Ryan Eisenman, the CEO of the digital admin software company Arch, discusses how family offices can best leverage technology for tax filing and investment benefits.
Family offices try to be at the forefront of smart investment decisions. How do you think they can have a more complete view of their portfolio?
It’s wild that a significant percentage of family offices and other sophisticated investors don’t know key information on their portfolios. This can include the value of their investments; how their investments are performing; and their total unfunded commitments across private equity, which amount to future payment liabilities. With the sheer volume of private investments that we’re seeing from our hundreds of family office clients, it’s becoming increasingly important to have a smart workflow solution that offers unique insights into individual investments and portfolios.
How can family offices minimize pain points in their tax reporting?
Don't delay the process of getting tax-ready. The collection of K-1s and other documentation is an extremely time-consuming process. There is also the potential for the documents you receive to be inaccurate or instances where you were not the intended recipient. It's important to have structure to tackle this burdensome administrative responsibility.
Get to know the nuances of the hurdles that come along with private markets investing. For example, funds of funds historically provide their tax documents later than other vehicles. This is because they are unable to prepare a final K-1 until they receive all underlying K-1s of their investments. Once you have a stronger understanding of the different pieces of the puzzle, like K-1 arrival dates, you can ensure you don’t run into any unforeseen challenges.

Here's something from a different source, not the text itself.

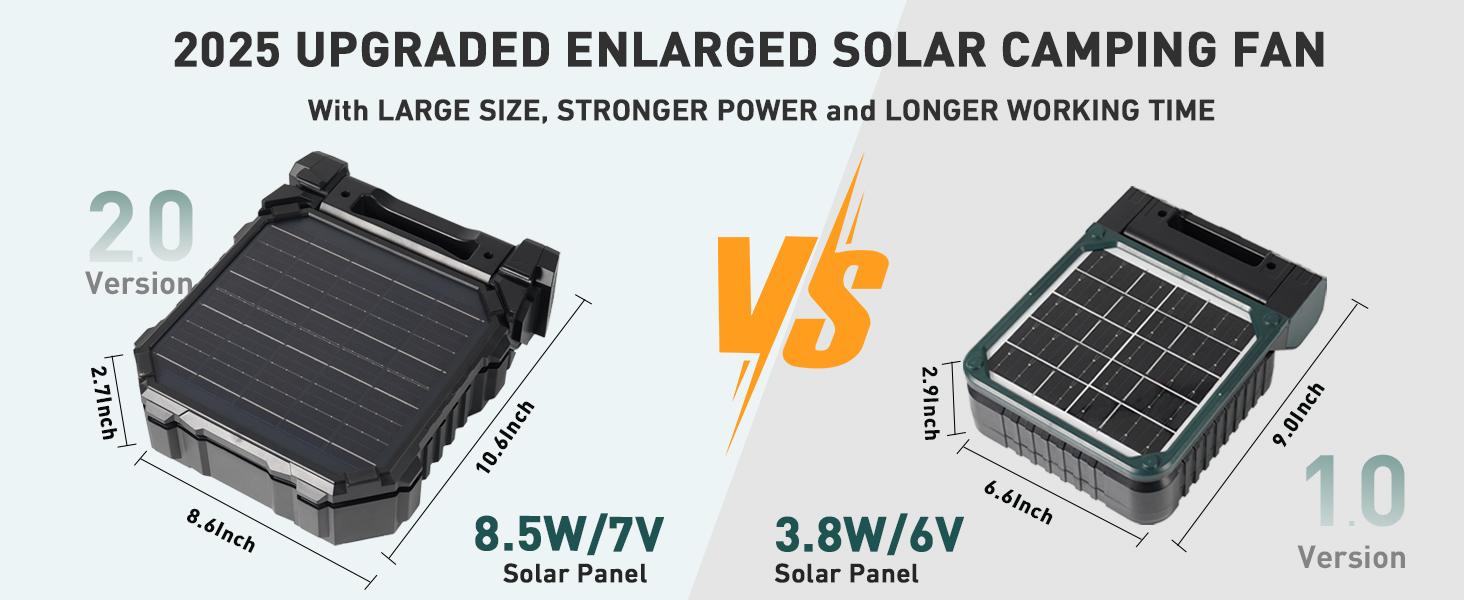 Solar Camping Fan with Light, 10400mAh USB Rechargeable Portable Fan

What are the common mistakes you’re seeing families make when it comes to taxation?
It's critical to understand the complete picture of your private markets investments. Most investors do not have an accurate view of the after-tax return for their investments, let alone the actual return for their investments.
There are various opportunities for families to minimize their tax burden based on the investments they're allocated to. For example, within real estate investments, there is the option to report depreciation of assets for possible tax deductions. Additionally, if an actively traded hedge fund reported losses, those may also be disclosed for potential tax benefits. Overall, it's important to have a tax expert on your side that understands these complexities and who can ensure they are addressed appropriately.
What do you see as some of the most difficult challenges family offices face today?
There’s more optionality, information and complexity than ever before. Markets move quickly, and the types of investments available to family offices are also evolving quickly. It’s easy to get bogged down in a deluge of paperwork and logistics.
What does the future hold for private markets investing, in your opinion?
We’ll continue to see the proliferation of alternative investments, where private market investments will increase as a percentage of an individual or family’s overall asset allocation, to where they may make up the majority of a portfolio for many investors.